When angiography was the gold standard for studying mass lesions in head trauma patients, a number of groups observed narrowing of intracranial arteries.  The percentage was as high as 31% (Martin et. al., "Neurotrauma," 1995, 12:897-901).  More recently Dr. Weber (Weber, et. al., "Neurosurgery," 1990, 27: 106-112) and also Dr.

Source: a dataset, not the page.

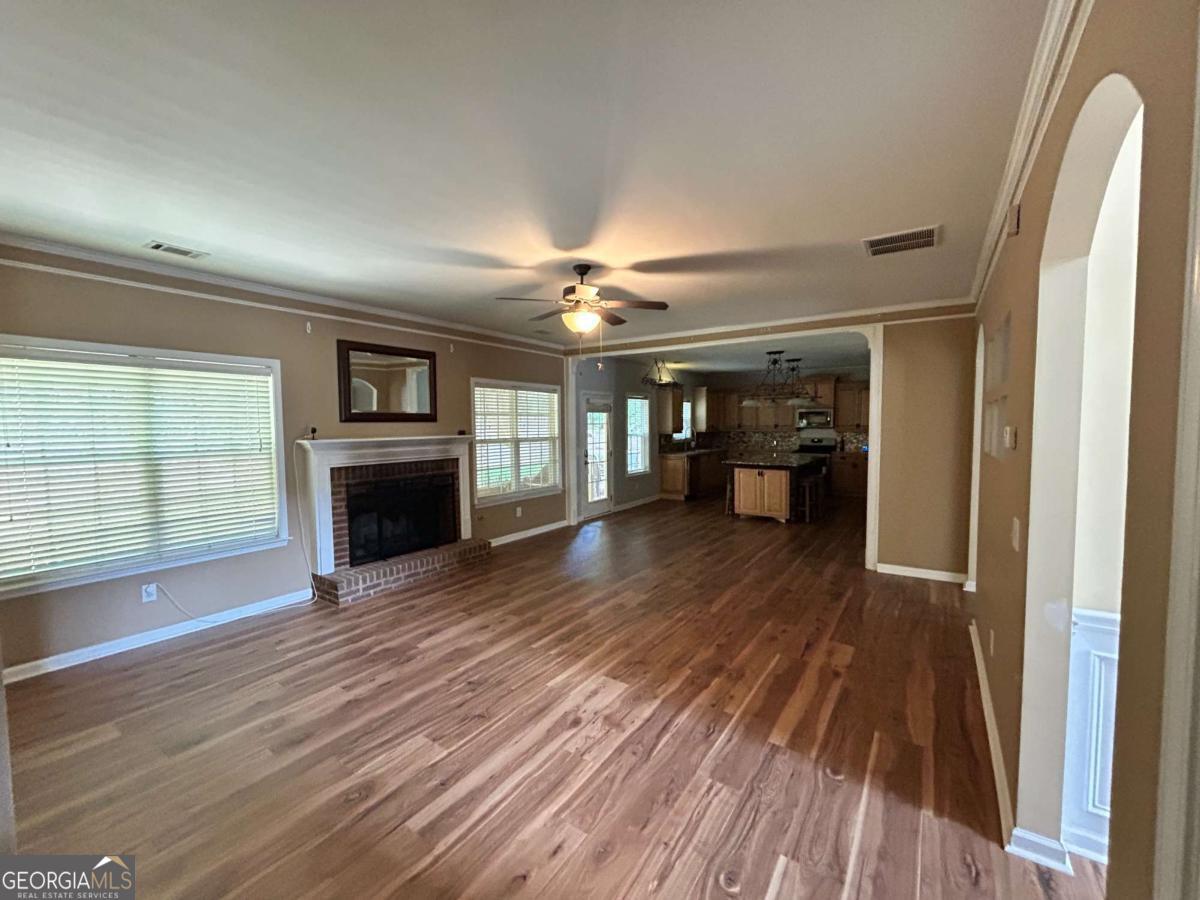 Buford, Georgia, 30518, United States, 4 Bedrooms Bedrooms, ,3 BathroomsBathrooms,Residential,For Sale,1950914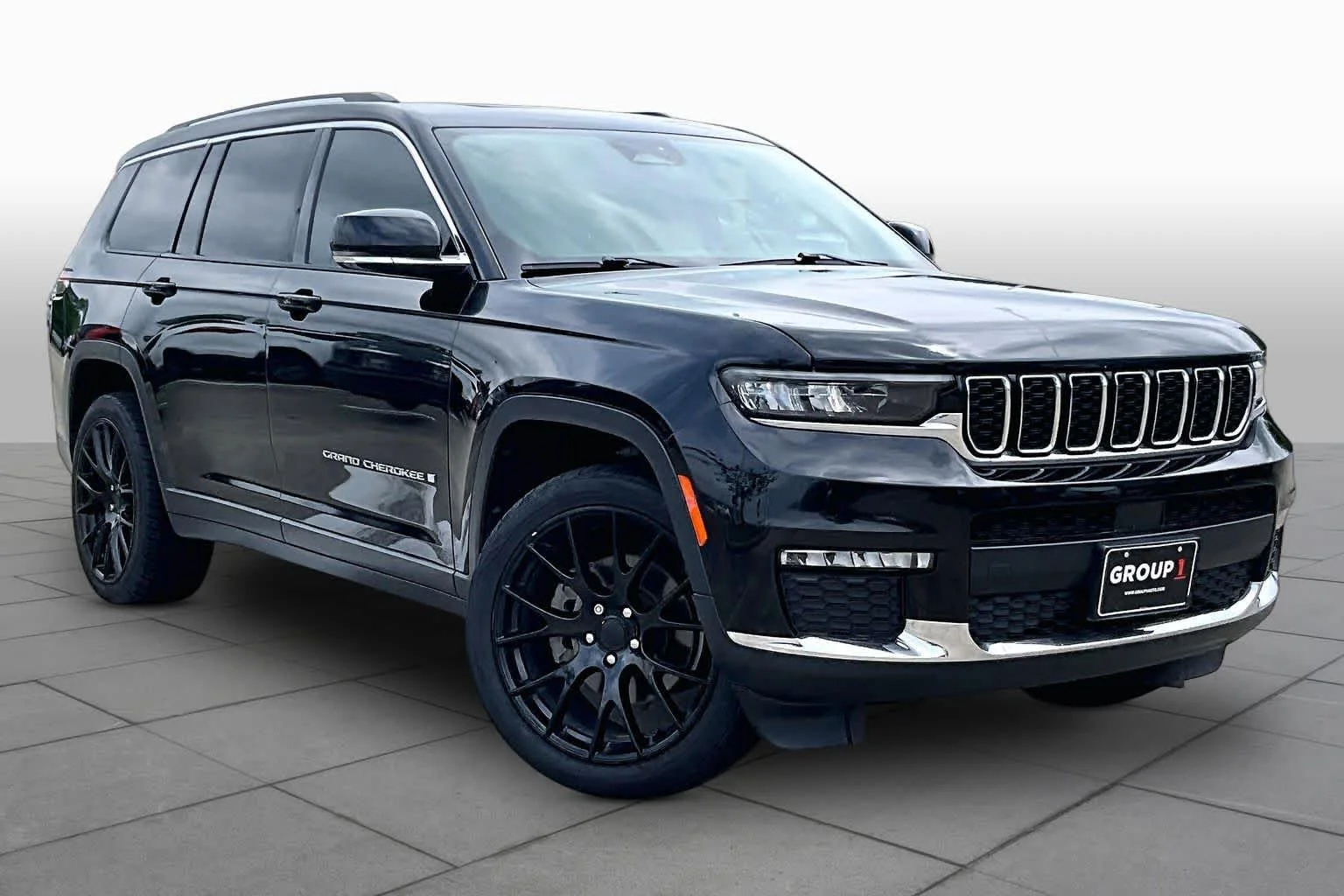 Used 2021 Diamond Black Crystal Pearlcoat Jeep Limited image 3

Martin's group have demonstrated that post-traumatic vasospasms can be demonstrated by transcranial Doppler in as many as 30 to 40% of the patients.  It definitely occurs in head trauma.  For example in severe head trauma such as a motorcycle accident patient without using a helmet had a CT scan that demonstrated minor subarachnoid hemorrhage around the brain stem and in the suprasellar region, had transcranial Doppler results which showed vasospasm. 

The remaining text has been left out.